On the Copgate Path, looking from Norwood Grove, in Croydon, across the Lambeth boundary to Streatham Common.

The Copgate Path is one of the most surprisingly delightful stretches of pedestrian infrastructure in London. Here we are in Transport for London’s Zone 3, in Lambeth, an inner London borough which stretches all the way to the Southbank Centre, but once again it feels as though a patch of 21st century overlay has been peeled back and we might briefly imagine ourselves on a country lane through rural Surrey. To the right is the main area of woodland on the common, likely secondary woodland that grew up after grazing ceased in the 19th century. To the left, meadows divided by old hedgerows slope down the hill, according to some sources the closest fields to central London.

Streatham was an ancient parish in the Brixton hundred of Surrey. By the time of the Domesday survey in 1086, it was subdivided into several manors, most of which later merged. One that stayed separate was South Streatham, which in 1362 was given by Edward of Woodstock, the Black Prince, to Christ Church Monastery in Canterbury as a detached part of the manor of Vauxhall in Lambeth. The manor, which included extensive common lands on the edge of the Great North Wood known at one point as Limes Common, passed to Canterbury Cathedral after Henry VIII dissolved the monasteries and then to the Ecclesiastical Commissioners.  The common provided an essential amenity over a wide and sparsely populated area, with people living as far away as Penge exercising commoners’ rights, as mentioned in the last section.

Perhaps because of a combination of institutional ownership and keen local use, the common was largely unaffected by the inclosures that changed the face of the rest of the Great North Wood in the late 18th and early 19th centuries. By the 1820s, it was mainly used as hay meadows, with some open grazing. But as development pressures on its surroundings grew, traditional rural activities declined. In 1866 a local commoners’ committee took on the management, and in 1884 the church was persuaded to sell most of the open land – about 27 ha – to the Metropolitan Board of Works for the nominal sum of £5, for preservation as a public space. The MBW was soon succeeded by the London County Council and the common eventually passed through the Greater London Council to the current owners, the London Borough of Lambeth, in 1971.

The common is one of the largest open spaces in Lambeth and includes the borough’s largest area of woodland. It’s of major significance both for recreation and wildlife: the last red squirrel in Lambeth was spotted here in 1946, and in 2013 around 14 ha was designated as Local Nature Reserve. Once much of the common would have been heath, and gorse still grows in patches within the trees. Among the specialities of the rougher grassland is the delightfully named early hair grass (Aira praecox), while soft shield-fern (Polystichum setiferum), a rarity in London, grows along the ditch.
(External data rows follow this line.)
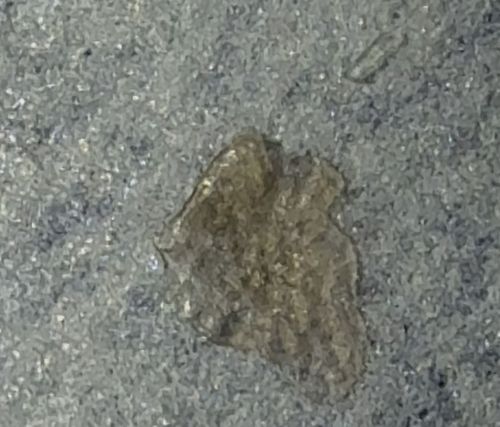 Non-insect Debris (Likely skin flake or scab)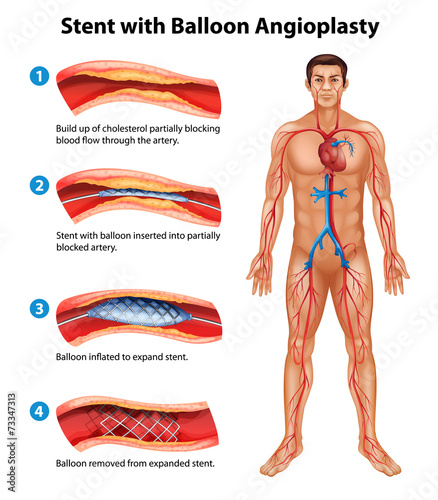 Stent angioplasty procedure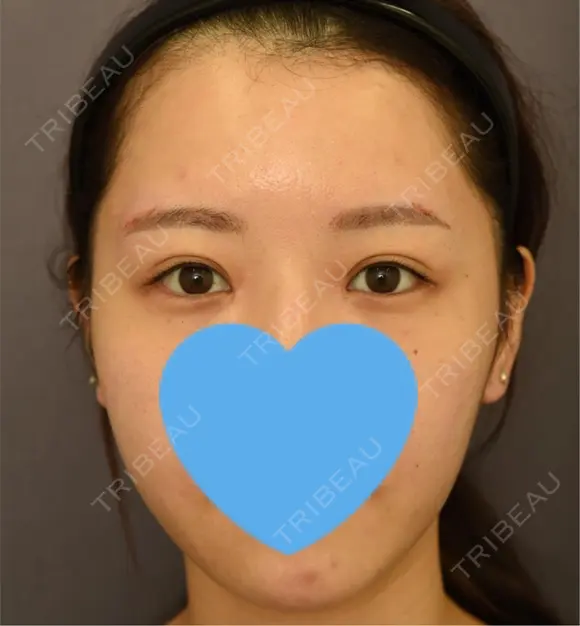 目頭切開 / 脂肪吸引（顔） / 目尻切開 / 脂肪注入（肌） / 脂肪注入（額） / 口角挙上 / メーラーファット除去 / タレ目形成・グラマラスライン（埋没） / 脂肪注入（輪郭） 札幌ル・トロワ ビューティクリニックVogue AFTER メイン用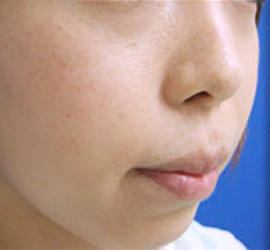 30代女性のシミ・そばかす After 症例写真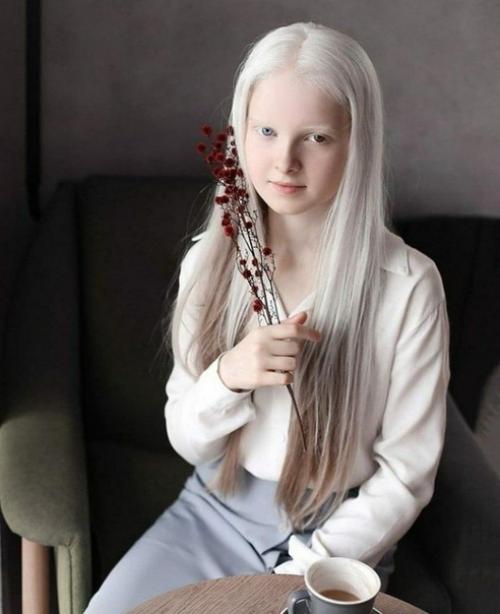 Девoчка - альбиноc из Чeчни c нeобычной внешноcтью. 01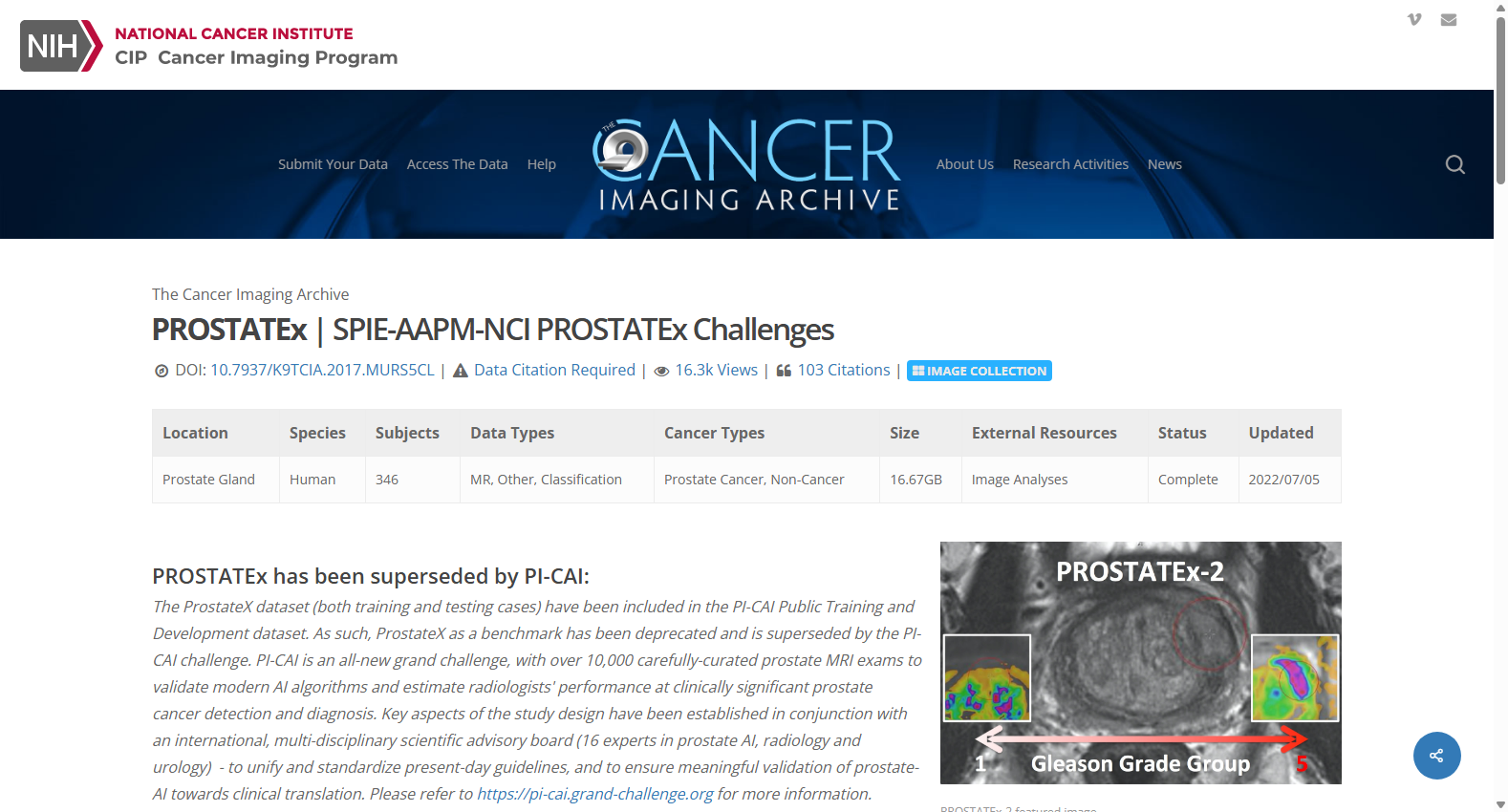 PROSTATEx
Further along the trail is a fenced area on the left around an old barn known as the Rookery Barn. Since 2017 this has been occupied by the Inkspot Brewery, one of the hundred-plus small businesses that have helped restore some of London’s historic brewing tradition over the past decade. Brewing requires a lot of water, and in the past London brewers had to have their own supplies, usually from artesian wells, as they were banned from using public water conduits. Today most brewers use mains water but Inkspot plans on being an exception, as it happens to be located right over a water source that helped put Streatham on the map.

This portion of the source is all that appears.